🤖 AI Summary
This paper addresses the challenge of automatically mapping PyTorch models to synthesizable hardware. We propose an open-source, end-to-end compilation toolchain that innovatively integrates Allo (an accelerator design language), Calyx (a hardware intermediate representation), and CIRCT (an LLVM-based hardware compilation framework).
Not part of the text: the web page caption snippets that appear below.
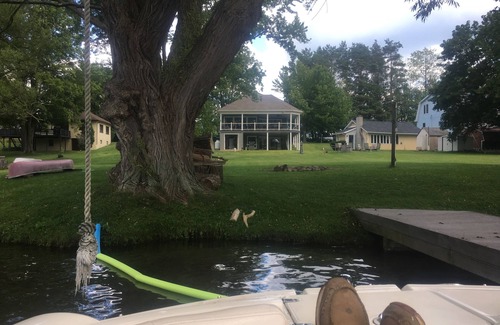 Rushford Lake Casa | Cabaña de nueva construcción frente al lago directamente en el lago Rushford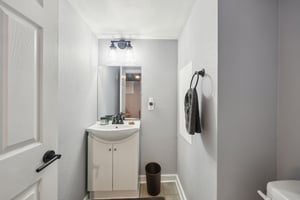 Guilford Ave-1305-043.jpg
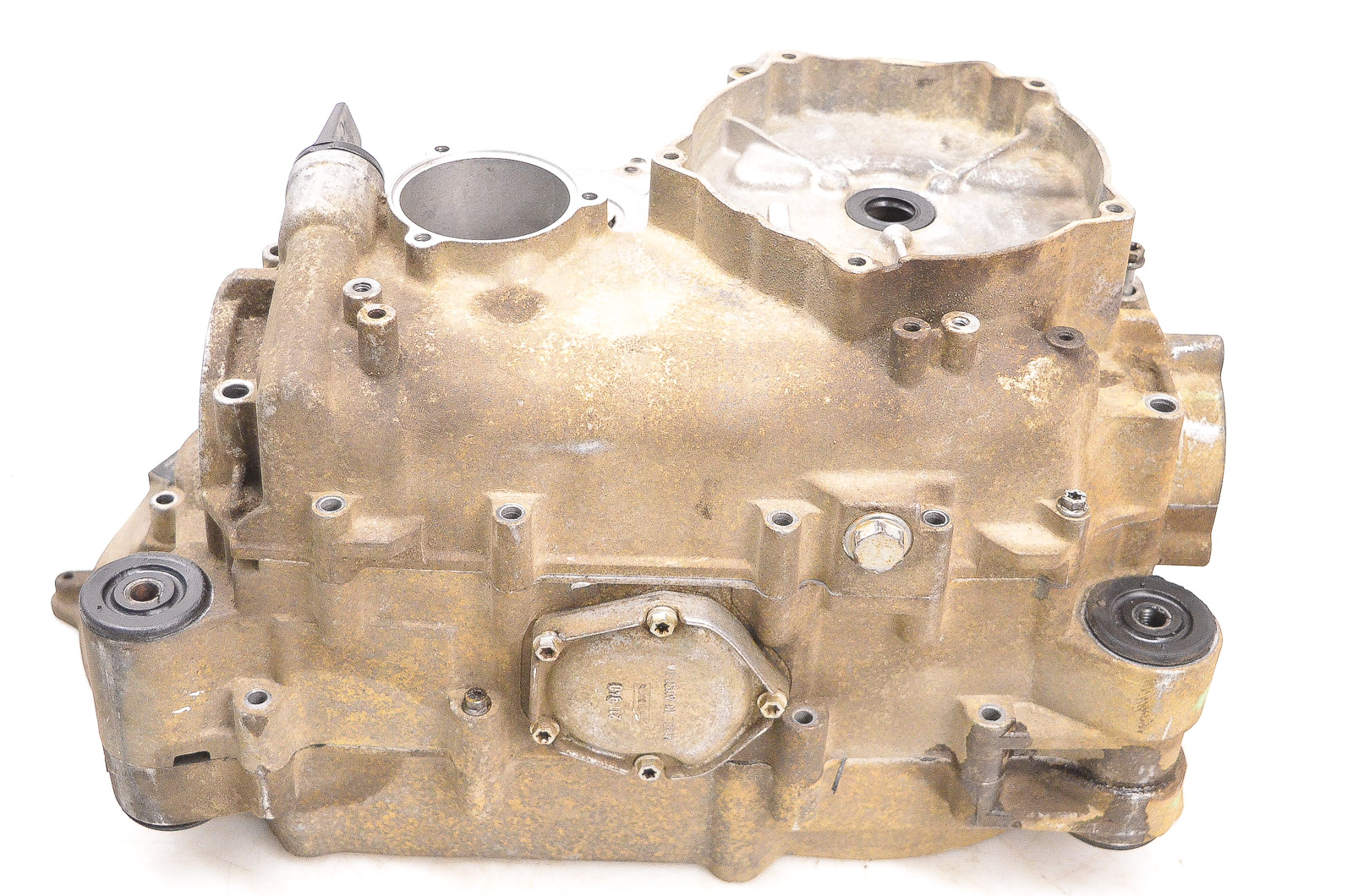 03 Can-Am Outlander 400 4x4 Crankcase Center Crank Case Bombardier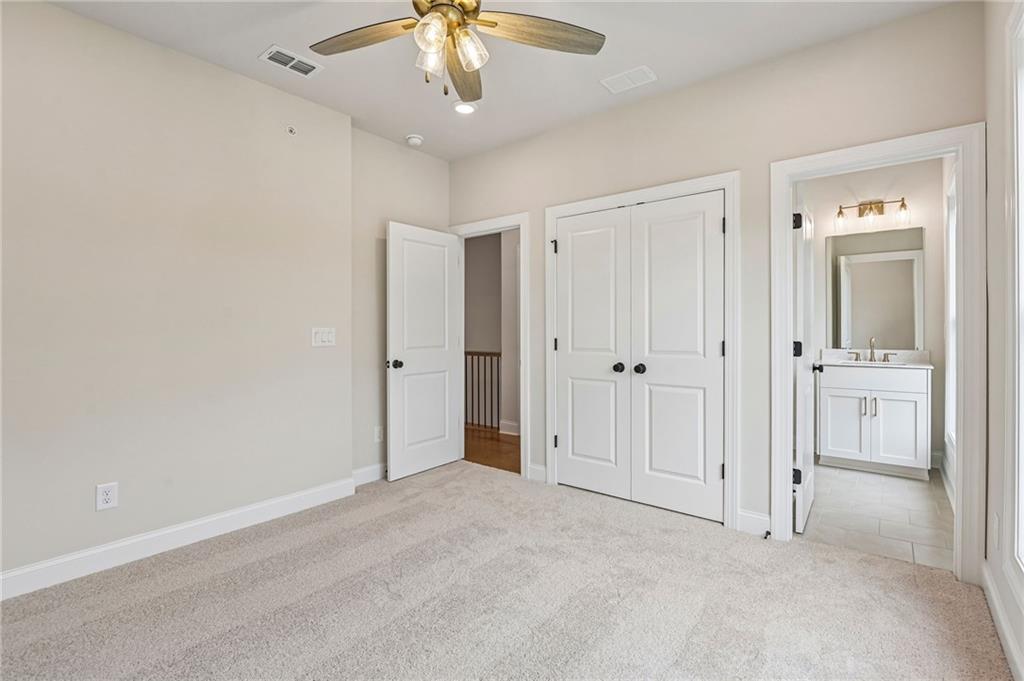 200 Midnight Oak Run Unit 4 Property Photo 33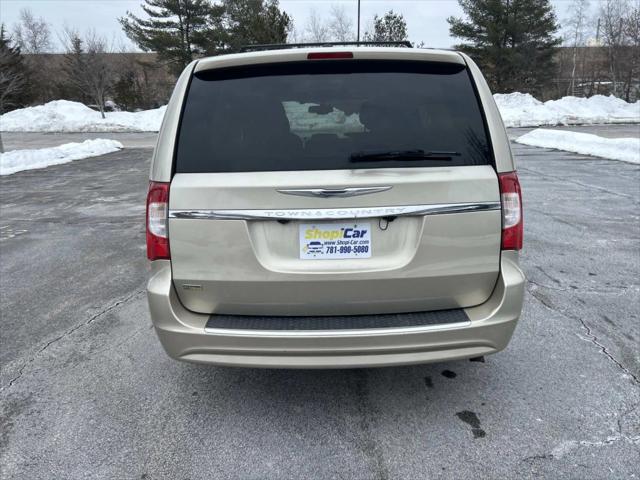 2016 Chrysler Town & Country Touring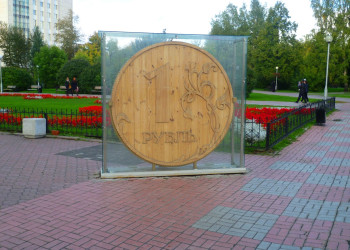Памятник деревянному рублю в Томске. Фото 1 – фотографии России
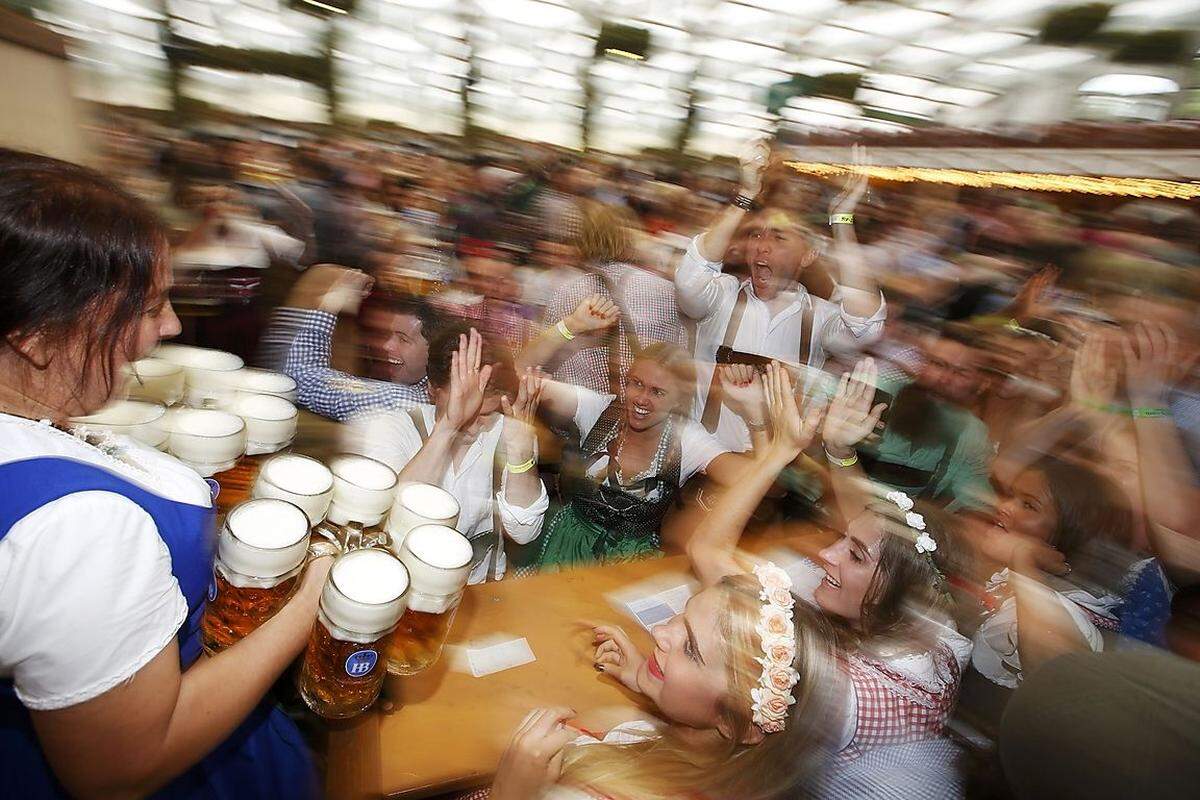 In früheren Jahren gab es die erste "Bierleiche" meist schon mittags - und teils sogar vor dem Anzapfen des ersten Fasses Bier. 2015 tranken die Wiesn-Gäste 7,5 Millionen Liter Bier.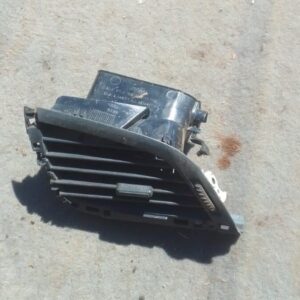 Left side dash air vent for Peugeot 207, visible front angle, used condition.Left side dash air vent for Peuge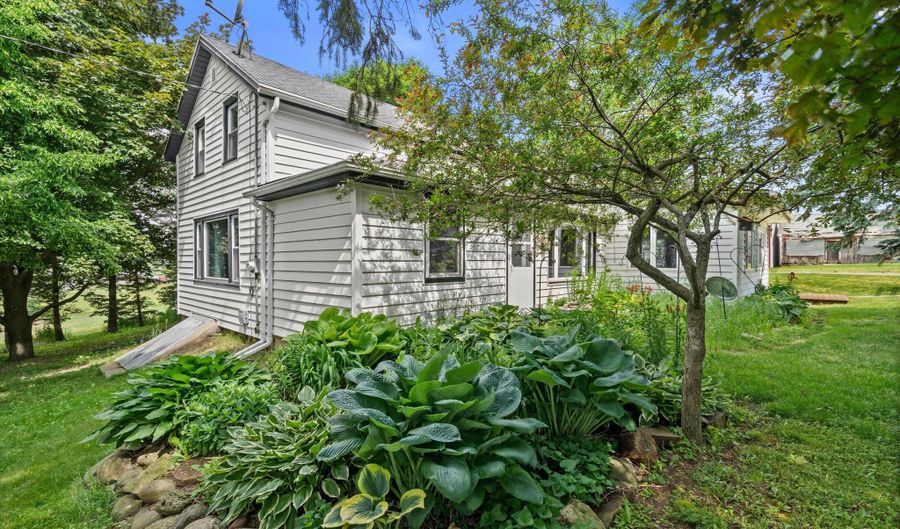 6544 Mohawk Rd, Allenton, WI 53002 - 4 Beds, 2 Bath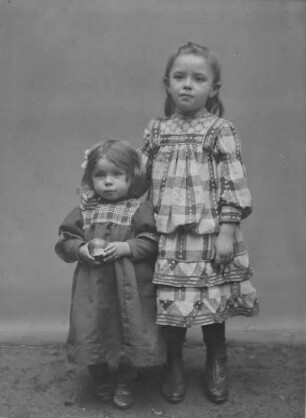 Zwei Kinder
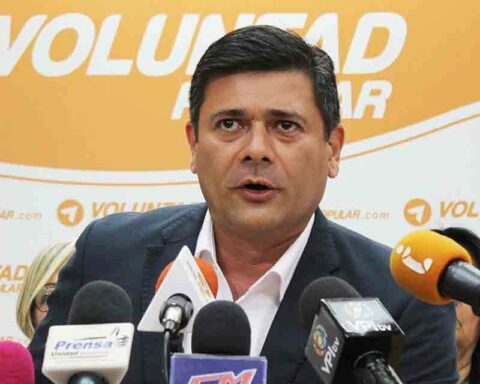 Superlano: Public services recover with political change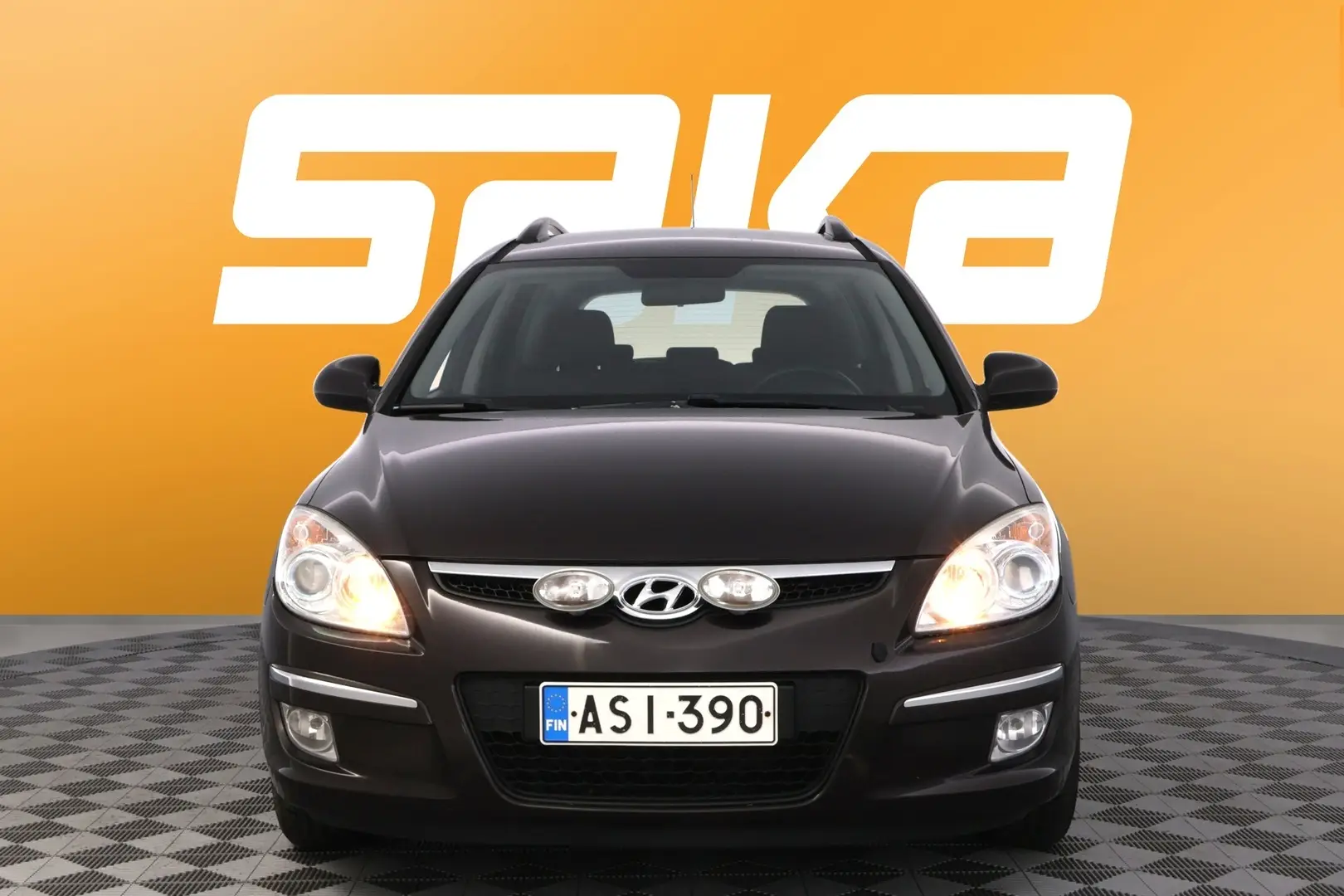Car Image - 16dMa1MIqajuWD8tfIMoyq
A key methodological contribution is a memory-partitioning compilation pass tailored for memory-intensive machine learning workloads, which significantly enhances data parallelism and on-chip memory efficiency. Our core contributions are threefold: (1) the first fully automated, synthesizable translation from PyTorch frontend to SystemVerilog RTL; (2) a memory optimization strategy that preserves functional correctness while substantially reducing off-chip bandwidth pressure; and (3) experimental validation showing that the generated FPGA implementations achieve throughput and resource utilization comparable to industrial-grade, closed-source tools such as Vitis HLS.
📝 Abstract
We present an end-to-end open-source compiler toolchain that targets synthesizable SystemVerilog from ML models written in PyTorch. Our toolchain leverages the accelerator design language Allo, the hardware intermediate representation (IR) Calyx, and the CIRCT project under LLVM. We also implement a set of compiler passes for memory partitioning, enabling effective parallelism in memory-intensive ML workloads. Experimental results demonstrate that our compiler can effectively generate optimized FPGA-implementable hardware designs that perform reasonably well against closed-source industry-grade tools such as Vitis HLS.